Notre besoin de croire est impossible à rassasier, disait  André Comte-Sponville dans La Sagesse des modernes (Robert Laffont).  Nous  croyons fermement dans les idées, le mot, le livre, tous précurseurs d’action. Nous y croyons d’autant plus profondément que nous griffonnons notre existence sur des pages distantes dans une Haïti oubliée, à double vitesse, pays de culture et d’inculture, terre de mornes et de plaines, de hauteur et de bassesses, de destruction et de poésie, de ratures et de littérature…

Un an après la fin du monde, la postériorité existe encore sans être capable d’inventer le néant ni le miracle de la résurrection. Et  nous les estropiés, nous  continuons  notre  marche dialectique entre la racine et la fleur, jouant à la marelle entre la terre et le ciel, poussant à cloche-pied les lignes du poème qui  charrie essoufflé les semences sèches de la reconstruction.
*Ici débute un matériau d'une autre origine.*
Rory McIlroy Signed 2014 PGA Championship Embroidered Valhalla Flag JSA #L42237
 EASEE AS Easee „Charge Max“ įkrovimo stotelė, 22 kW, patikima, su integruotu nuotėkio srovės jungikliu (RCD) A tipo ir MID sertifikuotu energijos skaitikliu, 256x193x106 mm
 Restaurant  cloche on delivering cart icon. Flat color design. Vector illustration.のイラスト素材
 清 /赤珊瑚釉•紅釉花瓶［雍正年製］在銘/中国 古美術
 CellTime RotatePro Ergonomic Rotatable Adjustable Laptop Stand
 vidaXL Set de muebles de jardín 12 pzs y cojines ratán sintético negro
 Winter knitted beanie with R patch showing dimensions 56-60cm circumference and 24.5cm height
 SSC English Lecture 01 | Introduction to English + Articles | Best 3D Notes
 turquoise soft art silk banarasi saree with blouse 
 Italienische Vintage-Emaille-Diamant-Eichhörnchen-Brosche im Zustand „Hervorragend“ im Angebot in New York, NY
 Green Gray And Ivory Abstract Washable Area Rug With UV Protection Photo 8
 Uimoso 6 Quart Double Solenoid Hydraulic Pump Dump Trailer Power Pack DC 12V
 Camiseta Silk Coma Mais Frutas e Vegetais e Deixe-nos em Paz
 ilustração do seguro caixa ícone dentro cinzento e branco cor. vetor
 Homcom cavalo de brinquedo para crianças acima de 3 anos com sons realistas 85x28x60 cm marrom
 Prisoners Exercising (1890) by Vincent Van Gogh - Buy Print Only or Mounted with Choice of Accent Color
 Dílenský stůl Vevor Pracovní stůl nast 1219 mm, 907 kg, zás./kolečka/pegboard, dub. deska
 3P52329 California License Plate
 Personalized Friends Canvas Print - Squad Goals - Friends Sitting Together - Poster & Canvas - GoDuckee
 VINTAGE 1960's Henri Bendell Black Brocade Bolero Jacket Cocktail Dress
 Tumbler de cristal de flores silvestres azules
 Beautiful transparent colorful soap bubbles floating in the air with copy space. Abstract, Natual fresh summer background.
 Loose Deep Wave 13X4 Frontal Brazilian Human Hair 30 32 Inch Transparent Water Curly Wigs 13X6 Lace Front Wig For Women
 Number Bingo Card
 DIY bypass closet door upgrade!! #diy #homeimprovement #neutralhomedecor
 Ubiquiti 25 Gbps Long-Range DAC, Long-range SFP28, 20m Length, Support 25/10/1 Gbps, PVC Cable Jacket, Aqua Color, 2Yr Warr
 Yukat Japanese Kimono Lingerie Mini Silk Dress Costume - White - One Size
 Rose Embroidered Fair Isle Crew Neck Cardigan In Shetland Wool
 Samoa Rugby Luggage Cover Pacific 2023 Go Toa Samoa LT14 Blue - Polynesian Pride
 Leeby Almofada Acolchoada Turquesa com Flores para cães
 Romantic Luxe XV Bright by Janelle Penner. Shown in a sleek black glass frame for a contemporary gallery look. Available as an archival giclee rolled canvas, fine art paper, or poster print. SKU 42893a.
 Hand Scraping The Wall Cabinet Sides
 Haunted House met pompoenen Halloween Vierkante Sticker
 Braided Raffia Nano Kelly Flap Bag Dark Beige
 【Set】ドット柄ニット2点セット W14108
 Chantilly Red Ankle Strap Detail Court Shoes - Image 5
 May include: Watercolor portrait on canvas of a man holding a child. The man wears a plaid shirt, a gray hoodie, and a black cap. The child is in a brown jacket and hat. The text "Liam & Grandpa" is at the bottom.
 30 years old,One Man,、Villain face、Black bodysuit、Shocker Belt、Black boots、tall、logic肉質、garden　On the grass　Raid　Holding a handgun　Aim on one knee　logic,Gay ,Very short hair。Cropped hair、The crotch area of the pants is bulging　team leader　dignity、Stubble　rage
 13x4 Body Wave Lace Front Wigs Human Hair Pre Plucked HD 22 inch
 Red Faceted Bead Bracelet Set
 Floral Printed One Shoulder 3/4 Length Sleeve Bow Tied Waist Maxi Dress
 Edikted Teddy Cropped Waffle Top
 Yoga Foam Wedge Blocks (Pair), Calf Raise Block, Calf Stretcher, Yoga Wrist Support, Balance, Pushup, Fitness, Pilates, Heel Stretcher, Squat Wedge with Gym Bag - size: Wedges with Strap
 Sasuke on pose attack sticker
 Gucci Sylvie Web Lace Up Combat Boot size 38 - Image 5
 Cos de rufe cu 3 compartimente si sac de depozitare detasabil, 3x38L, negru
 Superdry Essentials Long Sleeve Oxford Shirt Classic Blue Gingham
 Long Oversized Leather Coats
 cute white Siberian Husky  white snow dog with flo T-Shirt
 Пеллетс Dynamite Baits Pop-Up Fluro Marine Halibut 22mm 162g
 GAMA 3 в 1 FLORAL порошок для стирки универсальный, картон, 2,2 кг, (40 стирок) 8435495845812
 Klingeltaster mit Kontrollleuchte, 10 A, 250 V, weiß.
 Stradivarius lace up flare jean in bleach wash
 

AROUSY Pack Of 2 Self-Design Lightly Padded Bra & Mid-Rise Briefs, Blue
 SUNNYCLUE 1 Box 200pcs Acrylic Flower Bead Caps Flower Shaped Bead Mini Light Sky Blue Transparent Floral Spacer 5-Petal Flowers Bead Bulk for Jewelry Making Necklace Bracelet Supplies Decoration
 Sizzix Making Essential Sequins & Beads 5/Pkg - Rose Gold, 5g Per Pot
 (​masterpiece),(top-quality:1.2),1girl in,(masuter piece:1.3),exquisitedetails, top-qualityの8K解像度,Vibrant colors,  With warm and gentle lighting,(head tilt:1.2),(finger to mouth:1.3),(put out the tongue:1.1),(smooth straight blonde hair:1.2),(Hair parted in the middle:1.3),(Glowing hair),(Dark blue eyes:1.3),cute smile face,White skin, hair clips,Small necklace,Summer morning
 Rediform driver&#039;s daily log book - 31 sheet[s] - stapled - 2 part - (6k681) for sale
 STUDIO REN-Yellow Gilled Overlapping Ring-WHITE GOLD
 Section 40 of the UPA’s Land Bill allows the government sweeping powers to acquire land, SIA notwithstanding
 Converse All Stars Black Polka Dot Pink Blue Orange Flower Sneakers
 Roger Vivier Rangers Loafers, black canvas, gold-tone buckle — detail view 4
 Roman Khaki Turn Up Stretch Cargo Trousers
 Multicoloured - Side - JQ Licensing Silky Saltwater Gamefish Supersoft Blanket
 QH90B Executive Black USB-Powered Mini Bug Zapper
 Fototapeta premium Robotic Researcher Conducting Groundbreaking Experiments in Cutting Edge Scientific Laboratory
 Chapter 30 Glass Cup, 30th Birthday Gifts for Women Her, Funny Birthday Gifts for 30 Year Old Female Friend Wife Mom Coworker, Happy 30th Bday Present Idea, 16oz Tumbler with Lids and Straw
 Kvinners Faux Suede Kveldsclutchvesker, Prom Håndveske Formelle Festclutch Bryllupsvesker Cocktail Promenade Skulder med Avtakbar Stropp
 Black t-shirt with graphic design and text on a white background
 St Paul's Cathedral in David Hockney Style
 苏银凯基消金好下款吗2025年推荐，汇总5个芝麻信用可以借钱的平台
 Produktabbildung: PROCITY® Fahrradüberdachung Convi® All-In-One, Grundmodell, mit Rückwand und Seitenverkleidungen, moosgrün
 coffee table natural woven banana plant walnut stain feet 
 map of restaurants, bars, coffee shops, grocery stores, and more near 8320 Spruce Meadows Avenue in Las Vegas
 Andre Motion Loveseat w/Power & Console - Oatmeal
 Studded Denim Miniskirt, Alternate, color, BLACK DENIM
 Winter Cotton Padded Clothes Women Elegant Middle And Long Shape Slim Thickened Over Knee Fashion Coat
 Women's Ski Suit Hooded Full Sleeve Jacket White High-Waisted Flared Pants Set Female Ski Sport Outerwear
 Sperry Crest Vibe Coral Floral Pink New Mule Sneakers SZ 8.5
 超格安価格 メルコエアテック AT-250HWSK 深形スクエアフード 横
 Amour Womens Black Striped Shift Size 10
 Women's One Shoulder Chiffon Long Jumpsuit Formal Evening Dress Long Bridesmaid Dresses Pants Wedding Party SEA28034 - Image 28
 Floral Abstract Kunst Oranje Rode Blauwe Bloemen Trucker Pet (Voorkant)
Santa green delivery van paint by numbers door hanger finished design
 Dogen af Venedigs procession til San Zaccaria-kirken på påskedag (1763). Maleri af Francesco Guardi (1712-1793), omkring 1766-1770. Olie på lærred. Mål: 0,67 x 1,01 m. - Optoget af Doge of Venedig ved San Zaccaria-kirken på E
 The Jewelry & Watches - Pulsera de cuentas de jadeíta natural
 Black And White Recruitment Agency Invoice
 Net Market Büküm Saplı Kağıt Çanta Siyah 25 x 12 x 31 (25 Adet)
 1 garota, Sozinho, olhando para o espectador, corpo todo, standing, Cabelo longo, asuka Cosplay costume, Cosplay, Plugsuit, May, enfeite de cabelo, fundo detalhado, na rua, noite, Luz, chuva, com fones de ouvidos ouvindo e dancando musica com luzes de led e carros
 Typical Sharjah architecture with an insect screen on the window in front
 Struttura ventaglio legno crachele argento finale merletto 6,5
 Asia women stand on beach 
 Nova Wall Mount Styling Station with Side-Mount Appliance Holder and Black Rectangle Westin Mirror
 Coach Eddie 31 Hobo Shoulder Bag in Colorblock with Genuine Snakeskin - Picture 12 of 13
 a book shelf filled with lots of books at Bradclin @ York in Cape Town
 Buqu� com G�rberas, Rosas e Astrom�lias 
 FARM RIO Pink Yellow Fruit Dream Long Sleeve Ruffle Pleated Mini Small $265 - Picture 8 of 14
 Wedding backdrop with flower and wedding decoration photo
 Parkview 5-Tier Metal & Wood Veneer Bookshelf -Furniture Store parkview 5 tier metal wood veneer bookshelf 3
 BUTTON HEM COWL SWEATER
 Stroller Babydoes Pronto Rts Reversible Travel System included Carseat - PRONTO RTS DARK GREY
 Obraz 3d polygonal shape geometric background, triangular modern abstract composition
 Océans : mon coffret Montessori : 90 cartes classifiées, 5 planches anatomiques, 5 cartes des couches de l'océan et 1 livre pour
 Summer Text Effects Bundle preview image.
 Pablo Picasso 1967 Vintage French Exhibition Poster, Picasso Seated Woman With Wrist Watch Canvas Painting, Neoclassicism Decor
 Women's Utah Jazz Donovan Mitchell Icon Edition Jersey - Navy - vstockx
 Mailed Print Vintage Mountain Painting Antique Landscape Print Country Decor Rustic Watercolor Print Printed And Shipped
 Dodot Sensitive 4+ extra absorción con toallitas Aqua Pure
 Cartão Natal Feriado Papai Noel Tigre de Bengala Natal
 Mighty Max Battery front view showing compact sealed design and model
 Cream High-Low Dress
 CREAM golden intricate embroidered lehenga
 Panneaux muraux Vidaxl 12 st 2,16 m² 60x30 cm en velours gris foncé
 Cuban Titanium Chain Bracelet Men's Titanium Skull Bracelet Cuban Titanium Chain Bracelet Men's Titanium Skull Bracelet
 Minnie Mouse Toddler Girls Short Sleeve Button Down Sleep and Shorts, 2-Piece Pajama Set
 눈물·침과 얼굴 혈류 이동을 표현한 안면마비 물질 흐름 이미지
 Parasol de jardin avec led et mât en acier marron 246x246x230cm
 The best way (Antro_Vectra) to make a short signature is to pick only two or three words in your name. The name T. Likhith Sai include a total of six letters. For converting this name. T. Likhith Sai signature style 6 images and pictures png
Même si  notre besoin de croire est impossible à rassasier, Haïti, en ce 12 janvier 2011 pour toi je crois. Pour toi j’avais semé la «Semence» que voici:

             quand la morte saison hante le souvenir

             s’installe au creux du ventre et ne veut pas s’enfuir
             âprement résistant à l’oubli
             sans vergogne sans eau sans alibi
             le geste d’un semeur ganté de sécheresse
             annonce la détresse
              quand les machettes creusent des entailles
             dans la moustiquaire de la liane corail
             déchaperonnent les gommiers
             et le berceau des amandiers
             quand elles font des chemins de rat
             dans la toison de nos lilas
              quand les bambous ne font plus baldaquin
             au lit de la Rouyonne
             et que les files de sapins
             n’égayent ni n’environnent
             le Vieux Bourg d’Aquin
             alors le temps des crachins
             prend une nette revanche
             devient soudain paradoxe d’avalanche
             alors je récite l’alphabet de la vie
             pour toi ma belle au teint d’aubergine
             je fais couver des graines dans des bacs au soleil
             je rêve de dattes de barbadines
             d’une saison de mots d’une formule espoir
             je chuchote les consonnes de ton nom
             dans les couloirs de mes tympans
             j’en écris les voyelles
             sur le tableau de ma rétine
             afin que jamais je n’oublie
              ton nom est un désir inscrit dans mon destin
             avec toi je batifole
             je sème des lettres des mots des phrases
             des œuvres de chair et d’esprit
             des gamètes d’abondance
             des germes de femmes qui font pousser des hommes
             des semences d’hommes qui font le tour des mers
             ramenant avec eux richesse et expérience
             des trésors de bonne foi des butins de l’errance
              je protège tes fleurs tes fruits ta chevelure
             tes racines tes pieds ton rythme ton allure
             ô terre tourmentée de vallées et de faîtes
             de sublimes efforts de piteuses défaites
             de commencements
             et de recommencements
              vieux pays de colons de colonnes d’esclaves
             de biens fonciers de lopins et d’enclaves
             de passion de tension
             d’incompréhension
             de contorsions pour rien de sueurs pour grand merci
             je réclame la paix pour ailleurs et ici
             de nouveaux plants d’hommes et de braves bergers
             de nouveaux animaux des pousses des vergers
              j’intercède pour une autre saison
             pour une année de guérison
             une pluie d’arrière-saison
             pour le printemps de la raison 
            (extrait de Parfum de bergamote, Montréal 2007)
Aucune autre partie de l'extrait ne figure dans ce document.